Perkins generally agreed. “Senator Reid is the top Democrat in the state, and I know he has a very strong relationship with Senator Ensign, but I also think the senator would like to be in the majority,” he said.
Reid and Ensign, like lawmakers in many states, work cooperatively on bills that help their shared constituents. But Capitol Hill aides have said the two are particularly friendly by Washington standards. In the 109th Congress, joint efforts include a bill establishing the Great Basin National Heritage Route in Nevada and Utah and the transfer of land to the state university system. Both senators oppose abortion rights.
And, as many Republicans noted last year, Ensign did little, if anything, to find a candidate to run against Reid in 2004.
Pillard added that while “there will no doubt be a candidate,” that candidate “will very much be like the candidate that the Republicans ran against Harry Reid” in 2004, businessman Richard Ziser.
Reid captured 61 percent of the vote to win a fourth term, while Ziser garnered 35 percent of the vote.

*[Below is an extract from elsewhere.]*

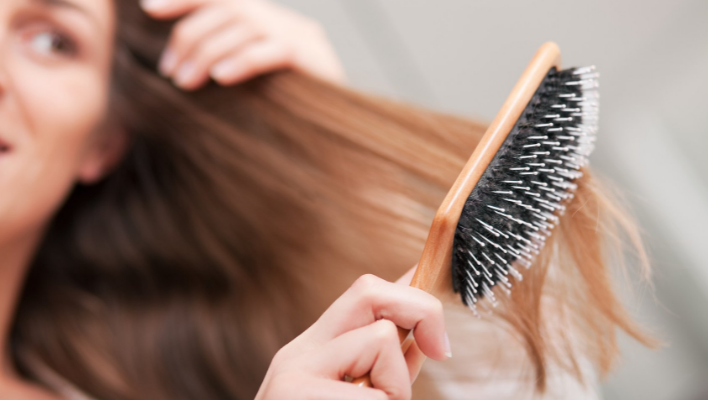 femme brossant ses cheveux avec une brosse à picots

The Democrat also raised nearly $9 million, according to the Center for Responsive Politics; Ziser raised just under $650,000.
As recently as a week ago, some Democrats were floating the possibility of former state Attorney General Frankie Sue Del Papa or current state Senate Minority Leader Dina Titus challenging Ensign, who is in his first term.
But at a recent Democratic gathering in Reno — which drew about 40 party leaders, including Titus and Perkins — it was clear that party officials had more or less given up on the Senate seat, said Pillard, who attended the meeting.
Other Democrats in the state said they viewed the Senate race as an afterthought.
Jon Summers, spokesman for the Nevada Democratic Party, wouldn’t rule out a strong challenge to Ensign but acknowledged that the race “could be a tough one.” He added: “We’re looking for any and all viable candidates who can win the seats that are up for election in 2006.”
Not all Democrats concede that the race is over.
Phil Singer, spokesman for the Democratic Senatorial Campaign Committee (DSCC), observed that it is early in the cycle. Referring to Ensign, Singer said: “If he thinks he’s going to get a free pass, he’s running at his own peril.”
Asked if Reid had helped recruit a candidate to challenge Ensign, Singer said, “We obviously don’t disclose the step-by-step process [of recruiting] in the press.”
While Nevada backed President Bush in 2000 and 2004 and has a long libertarian streak that runs deep, Democrats control the state Assembly. And, of course, there’s Reid, who is revered by state Democrats for, they say, rebuilding the party and injecting a practical, salt-of-the-earth style into the state’s political life.
Reid spokesman Jim Manley did not return a phone call seeking comment.